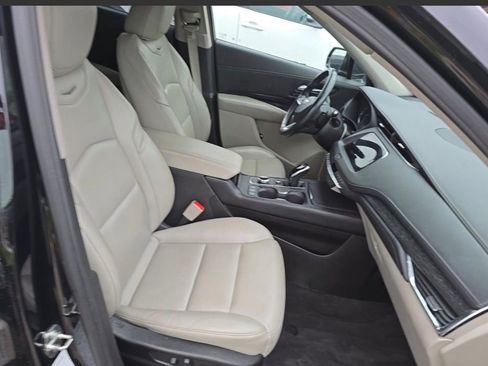 Used 2023 Cadillac XT4 Premium Luxury AWD/4WD image 5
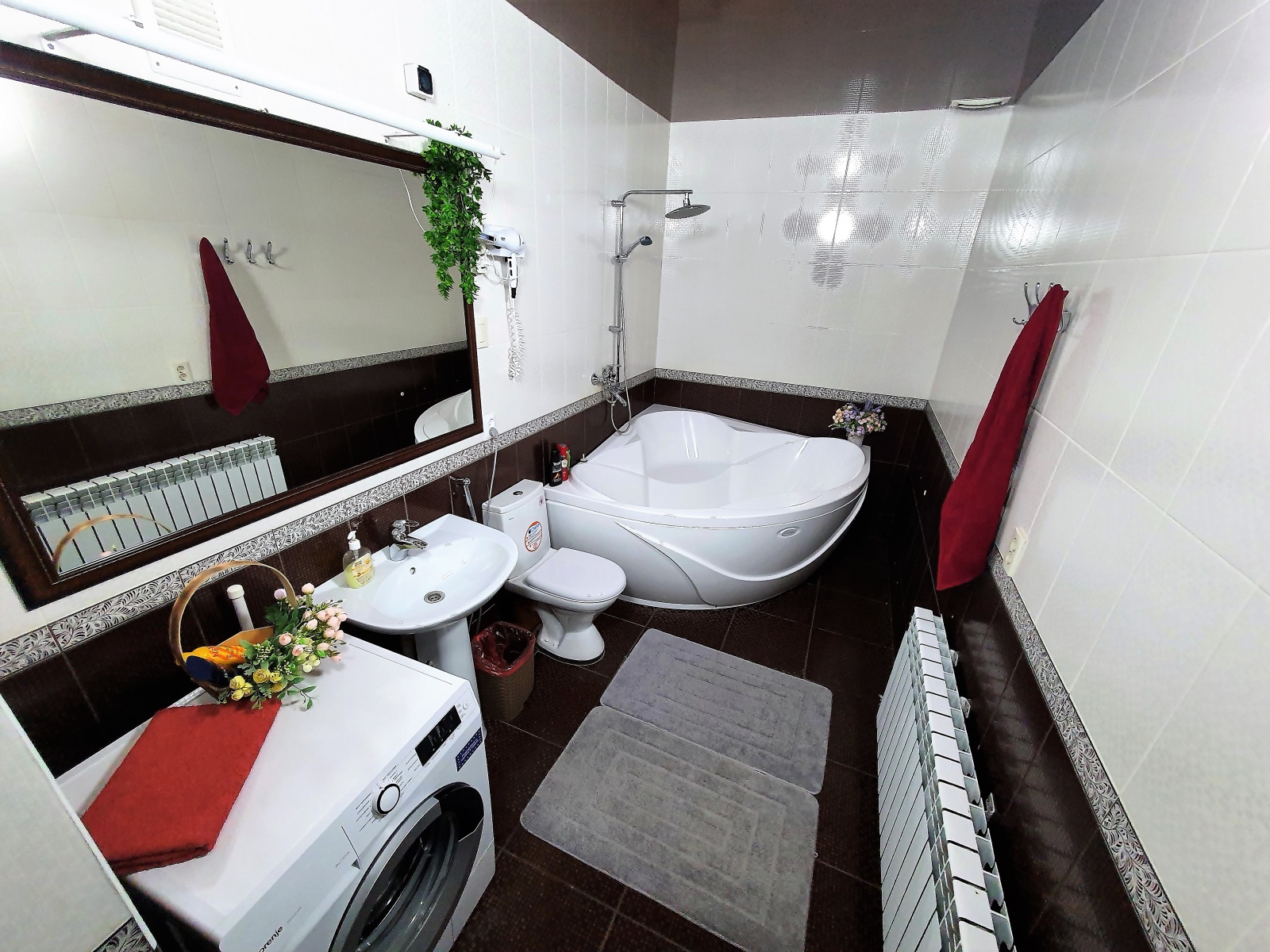 Зал и 5 изолированных комнат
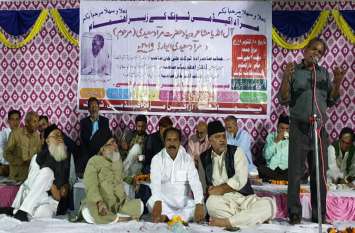 Mushaira organized in memory of Murad Saeedi मुराद सईदी की याद में आयोजित मुशायरे में देर रात तक डटे रहे श्रोता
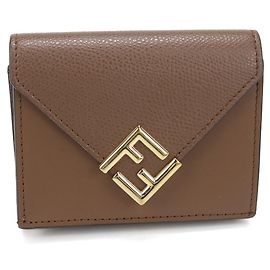 Fendi Tri-fold Wallet in Brown Leather Brown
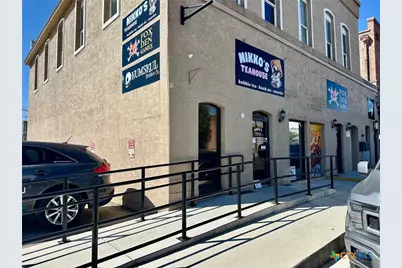 211 E Court Street, Seguin, TX 78155 - Photo 1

_How to complete this task_. Copy these entries precisely and drop any picture.

_Result for this exercise_.
 Used 2023 Cadillac XT4 Premium Luxury AWD/4WD image 5
 Зал и 5 изолированных комнат
 Mushaira organized in memory of Murad Saeedi मुराद सईदी की याद में आयोजित मुशायरे में देर रात तक डटे रहे श्रोता
 Fendi Tri-fold Wallet in Brown Leather Brown
 211 E Court Street, Seguin, TX 78155 - Photo 1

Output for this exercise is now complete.